Translation operator and parity operator

Question

(This is taken from Introduction to Quantum Mechanics by D. Griffiths, 3rd edition, Problem 6.18 .)

If a system has inverse symmetry, we know that [$\hat{H},\hat{\Pi}] =0$ where $\hat{\Pi}$ is the parity operator.

This means that eigenstates of the parity operator are eigenstates of $\hat{H}$. Namely:

$f(x) = \frac{1}{\sqrt{\pi \hbar} }\cos(px/\hbar)$

$g(x) = \frac{1}{\sqrt{\pi \hbar} }\sin(px/\hbar)$

This is easily seen by doing $\hat{\Pi} f(x) =f(x) $ and $\hat{\Pi} g(x) = -g(x) $.

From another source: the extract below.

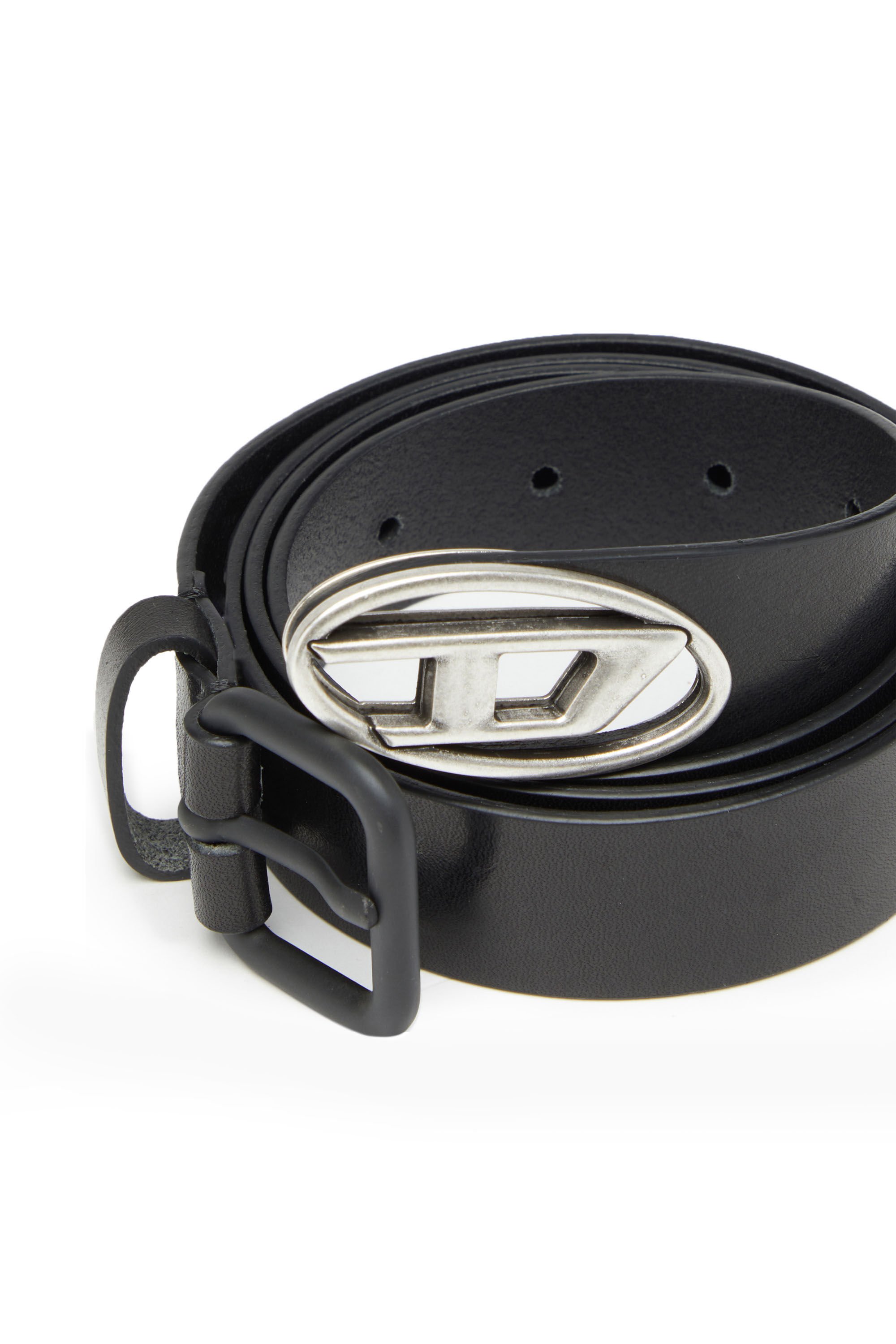 Diesel - B-INLAY, Unisex Leather belt with oval D logo in Black - Image 3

The problem says that translation operator mixes these two states together, meaning that they must be degenerate.

Question

Show that the translation operator mixes these two states together (f and g), meaning that they must be degenerate.

This is what I did:

Translation operator: $\hat{T}u(x) = u(x-a)$
$$\hat{T}f(x)= \frac{1}{\sqrt{\pi \hbar} }\cos(pa/\hbar)\cos(px/\hbar) - \frac{1}{\sqrt{\pi \hbar} }\sin(pa/\hbar)\sin(px/\hbar) \\ = \cos(pa/\hbar)f(x)- \sin(pa/\hbar)g(x). $$

I can see that the states are mixed. But it doesn't have the same energy as $f(x)$ and $g(x)$. If I do $\hat{H}\hat{T}f(x) = E_n( \cos(pa/\hbar)f(x)- \sin(pa/\hbar)g(x) )$

The eigenvalue $E_n$ is multiplied by a constant. The only way this is true if I say that $E_n( \cos(pa/\hbar)f(x)- \sin(pa/\hbar)g(x) ) = E_n w(x) $.

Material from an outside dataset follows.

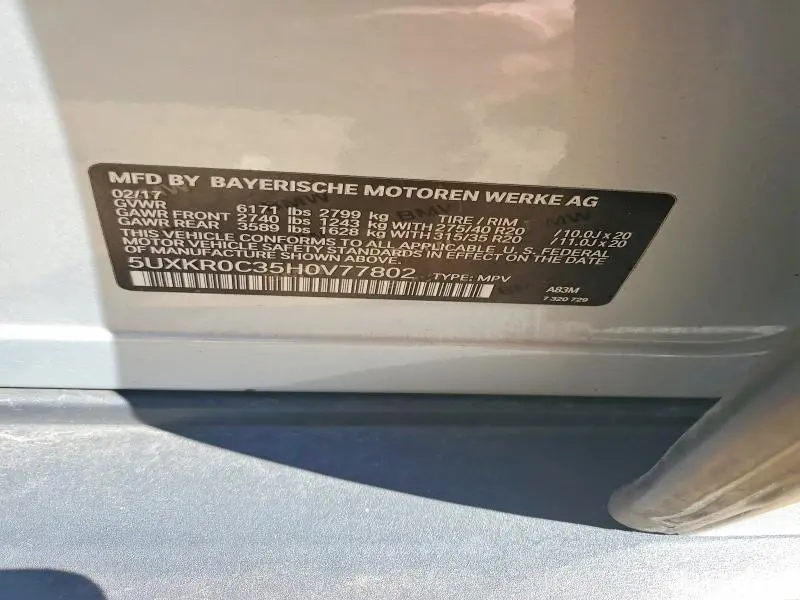 2017 BMW X5 XDRIVE35I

Couldn't I show that they are degenerate by using the simple fact that $\hat{H} f(x) = E_n f(x) $ and $\hat{H} g(x) = E_n g(x) $, because [$\hat{H},\hat{\Pi}] =0$ ?

Answer 1

I dont get the question but from what I get you have the following let

$P$ is parity operator $T$ is translation operator and let $$[T,H]=[P,H]=0$$ also let

so we have $$T|\alpha\rangle=|\beta\rangle$$ $$P|\alpha\rangle=|\gamma\rangle$$ also all those three have same energy since $T$ and $P$ commutes with hamiltonian. now we have $$[T,P]=C$$ c is some operator which is not important

now $$\langle\alpha| TP|\alpha\rangle\neq\langle\alpha| PT|\alpha\rangle=\langle\alpha| TP|\alpha\rangle+\langle\alpha| C|\alpha\rangle\neq1$$ thus $\gamma$ $\beta$ states are different states with same energy thus here is your degeneracy. here the idea is to show hamiltonian has different eigen states with same energy. and party with translation enforces it.

Answer 2

Couldn't I show that they are degenerate by using the simple fact that $\hat{H} f(x) = E_n f(x) $ and $\hat{H} g(x) = E_n f(x) $, because [$\hat{H},\hat{\Pi}] =0$ ?

Where did this come from? $\hat{\Pi}$ does not mix f with g; in fact, it keeps them visibly apart and separate.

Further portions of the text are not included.